You got to surrender and invite Him to invade you, to possess you, to transform you. Just accepting a theological proposition is not enough, there has to be a surrender to the person to the influx of Christ into their mind and heart and soul.

Second thing is there is the Apostles' Creed. I have said it seems ever since I was a young guy that the Apostles Creed for me sums up the basic doctrines of what one has to believe to be a Christian and specifically to be an evangelical. And it says everything accept one thing, which I think has to be added and this is the third point: I believe that you have to have a high view of Scripture.

You cannot look at the Bible and say it's an inspiring book, you can't look at the Bible and say its great Christian literature, you can't look at the Bible and say its interesting religious thought. But I think you have to believe, if you're going to have evangelical beliefs, you have to believe that the Bible was written by men into whom the Holy Spirit, the third member of the Trinity, invaded and possessed them, and guided what they wrote.

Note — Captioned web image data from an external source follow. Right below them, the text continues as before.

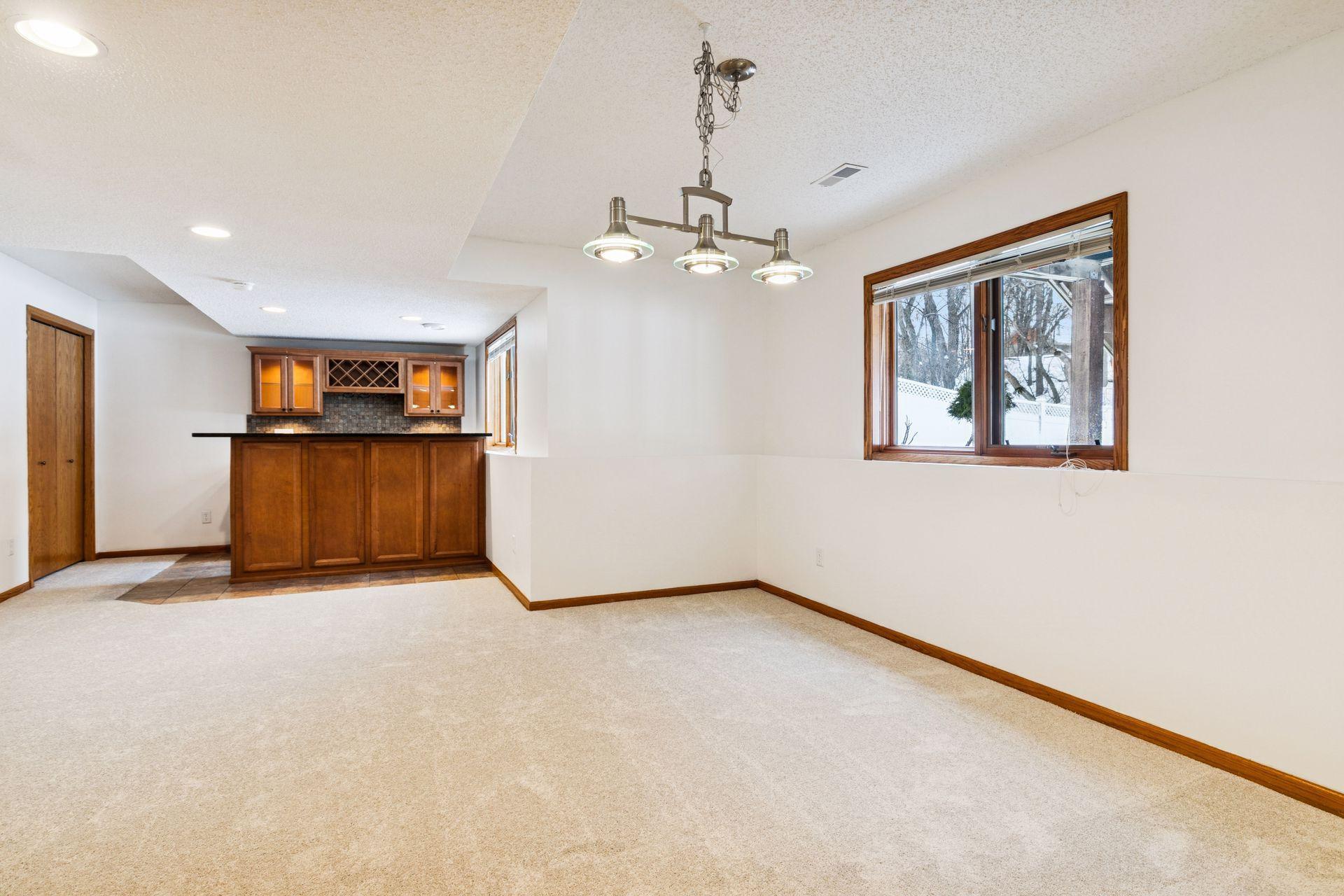 1454 Englert Road Eagan, MN 55122 - Photo 40 of 50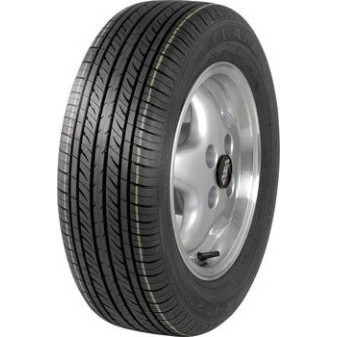 Pneumatika Wanli L185/60 R14 82H S1023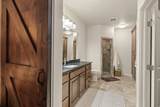 1165 Austin Dr - Photo 43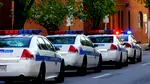 Unde a fost găsit ceasul de 200.000 de euro furat de la un turist elvețian care vizita MARSILIA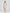 Ezz-44-scaled-1.webp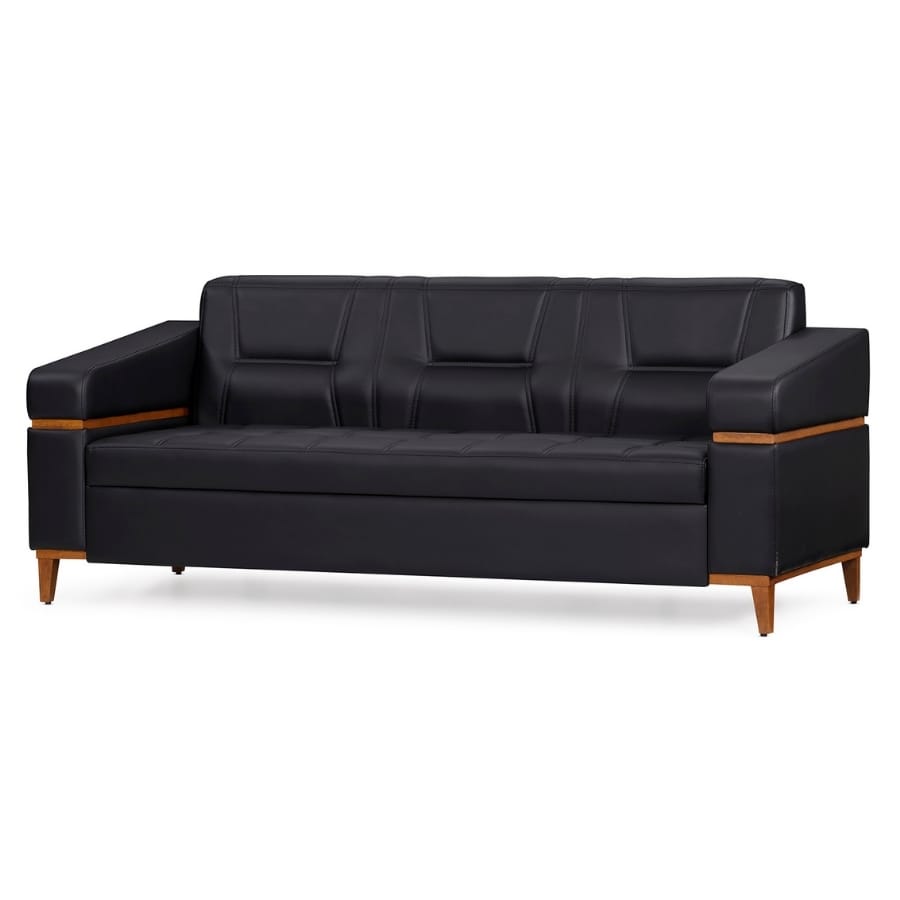 castello koltuk grubu 5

Those three things. So far as being evangelical in theology is concerned, they are the things that I believe. So in that sense, I am still an evangelical when it comes to faith practices and faith beliefs. What I am trying to communicate, and I think a lot of people would agree with me, is that the word "evangelical" has become politicized in a way that causes some of us to be alarmed. This has to do a great deal with what is presently going on in the political scene here in the United States.

When the word evangelical becomes synonymous with being in the Donald Trump camp, I have a problem with that. Just as much as I have a problem with being evangelical is putting you in the Hillary Clinton camp.

I think to tie up the Christian faith with any political ideology is in fact to distort what we are and I think it verges on idolatry. When we remake God in our own political image, I think we have really some serious problems. So that becomes a big thing with me and that's why I think the word has lost a lot of the meaning it once had.